A. G. E. CROMWELL – Death in the Copse. Rodney Wayne #2. Wright & Brown, UK, hardcover, 1940.

   This is the second of just two private detective novels written by the almost entirely unknown A. G. E. Cromwell, the first adventure of Rodney Wayne being Murder in Flat 14 (Wright & Brown, 1939). The two books can be found on the Internet at varying prices, but as for the author himself, I have found only a single reference to him, that being an announcement for one of his books in a contemporaneous Australian newspaper. (If you can find more, please by all means, let me know.)

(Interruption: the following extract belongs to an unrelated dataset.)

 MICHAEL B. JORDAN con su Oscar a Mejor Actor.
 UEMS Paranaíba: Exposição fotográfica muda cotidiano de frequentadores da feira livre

   Wayne eventually has a client in Death in the Copse, but at the beginning, he’s only on his way to a weekend stay at a good friend’s countryside mansion, a short train ride from London. The friend is Archie Crofts, a good-natured, self-made but very wealthy businessman. Besides the staff, there is a small groups of other friends also staying for the weekend, so when Archie is found shot to death at night in a small area of a forest, the number of suspects is also very limited. (The killer is seen running back to the house after the fatal shot is heard, so there is no talk of a passing tramp being responsible.)

   Wayne finds himself somewhat at odds with the local police inspector, at least at first, but when Wayne decides he won’t get anywhere by going head to head with him, he persuades himself to join forces with him. There is a lot of discussion of alibis between the two of them, including the strange behavior of one possible witness who has to have an alibi for another twisted out of him instead of his being up front and forward about it. We have probably read enough mysteries ourselves to know what that means, don’t we?

   Cromwell himself clearly had read enough works of detective himself to be able to produce a quite decent and very readable one on his own. Until the last chapter, that is, which is, to put it bluntly, a disappointment. Once you put the book down and you start asking yourself, in terms of the figuring out what really did happen, why does the final explanation almost completely contradict what we told was observed earlier?

   An interesting artifact of its day, but not one, I’d say, worth searching out for. (I’d send you mine, but unfortunately it has a page missing from the end of a chapter somewhere in the middle. By no means is it an essential one, but it *is* missing.)